If we try to define what a kebaya is, it may prove to be difficult as it is constantly changing to reflect the changing times and fashions that Indonesia is experiencing. Nonetheless, it is possible to make some generalizations about the kebaya. Most Kebaya are made from a lace brocade. Most kebaya fabric uses a floral motif either printed or woven into the textile and its length can fall somewhere from above the waist to below the knee. It usually, but not always, has long sleeves. It is usually fastened at the front, and if not, then gives a semblance of doing so. Some variations of the kebaya will use a batik sash, which is coordinated with the kain, draped over the shoulder as an added accessory.
Although women in the market can be seen wearing kebaya, we can also see exquisite variations of them in government gatherings and parties and high society social functions. The beauty of this national dress is undeniable. Some of the most influential women in Indonesia are married in kebaya that can be described as “works of art” with their hand embroidered detailing and beading.
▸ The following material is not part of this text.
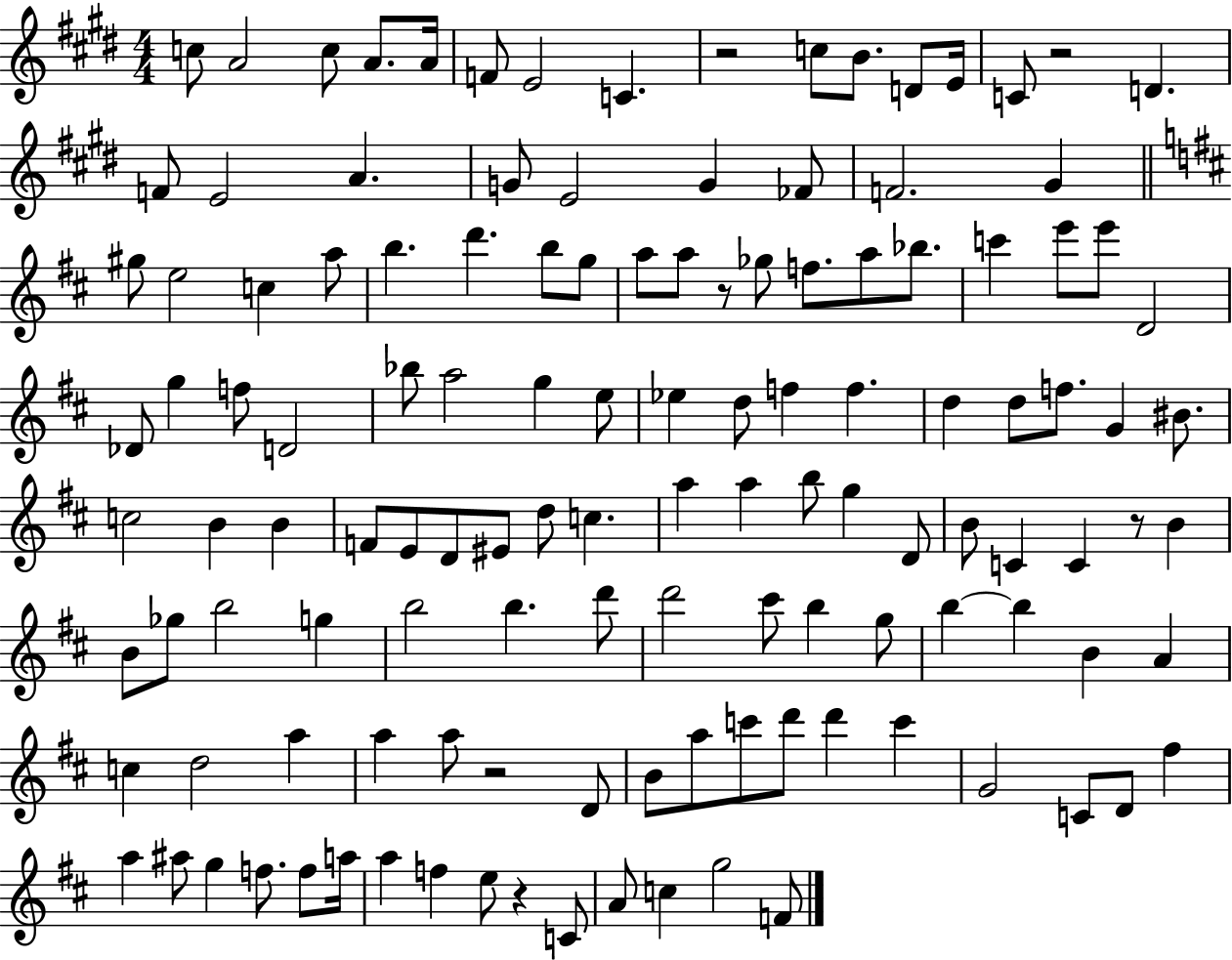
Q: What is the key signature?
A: E major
Designers such as Ami Amianto have helped to promote the kebaya not only as a important part of Indonesian clothing history but as a very beautiful item of clothing that Indonesian women are proud to wear.
So the next time you see a women wearing a kebaya you will understand that she is not just wearing a functional piece of clothing but she is also wearing a symbol of Indoneia’s cultural history which represents national symbolism and high fashion too!